Ankle-deep in a park creek, members of the club planted over 300 mangrove pups to help restore the damaged mangrove forest and mitigate effects of climate change.
“It was the first time we had done something like this, and everyone thought it was just wonderful to be able to learn about and help the environment,” said Sharon Trbovich, president of the garden club.
Led by representatives from Florida International University’s environmental engagement program and the Miami-Dade County Parks Department, garden club members were able to learn how vitally essential mangroves are to South Florida. Mangrove roots protect the ocean by slowing down and filtering pollutants and trash that might otherwise reach the sea. They also are a source of food and shelter for numerous species of fish, birds and reptiles, including the endangered American crocodile.
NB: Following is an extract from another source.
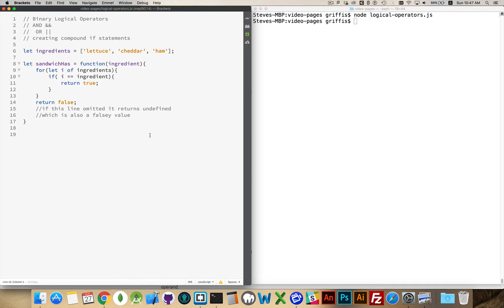I'm going to do an example using AND and OR. I've got an array of ingredients — I'm going to be making sandwiches. So I've got a variable called INGREDIENTS where I can change this for each of my different tests, and a function called SANDWICH HAS.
Miami’s mangrove forests, however, have been threatened by urbanization, loss of natural water flow and pollution. Since 2009, FIU has engaged the community in its mangrove restoration project to remediate the damage done to the mangroves.
“There is research that shows community-based restorations not only introduce people to the problems we face, but they help the community become a hands-on part of the solution,” said Nicholas Ogle, FIU’s environmental coordinator.
In April, the garden club first met with faculty members from FIU’s environmental engagement program to learn about mangrove reclamation and adopt 75 mangrove pups. Members each brought home a red mangrove sprout to nurture for a donation of $10 to the project.
The mangrove pups were kept in a mason jar with pebbles to anchor the roots. Members were instructed to refill the jar with sink water periodically and keep the plant in sunlight.
“It was simple and fun to see it grow,” said Sheri Jordan, a garden club member. “Being a native Miamian, it is nice to feel like you are making a difference.”
After eight months, the garden club returned their mangrove plants to FIU and were invited to help plant them at the park.
Anxious to finally plant the mangroves, the garden club met at the 1,100 acre park, 90 percent of which is mature mangrove forest. Members were packed into vans and taken to the planting site with representatives from FIU and the Parks Department.
The 15-member group got to work with the help of four Coral Gables High School students who had heard about the project through a garden club member. Katherine Elwell, a freshman who volunteered with the club, said she learned in class about how mangroves can benefit the environment.
“I wanted to participate because I know that mangroves are important and a big part of the ecosystem in Florida,” Elwell said.
For the duration of the morning, the group worked on planting in two different red mangrove sites in the park.
“We got in the water and had a lot of fun planting and laughing about how much water we had in our shoes,” Trbovich said.
Trbovich says the club hopes to continue to volunteer in the park.
“The park is on Biscayne Bay, which is a big tourist attraction for people,” Trbovich said. “We want to do whatever we can to make the park and the bay better.”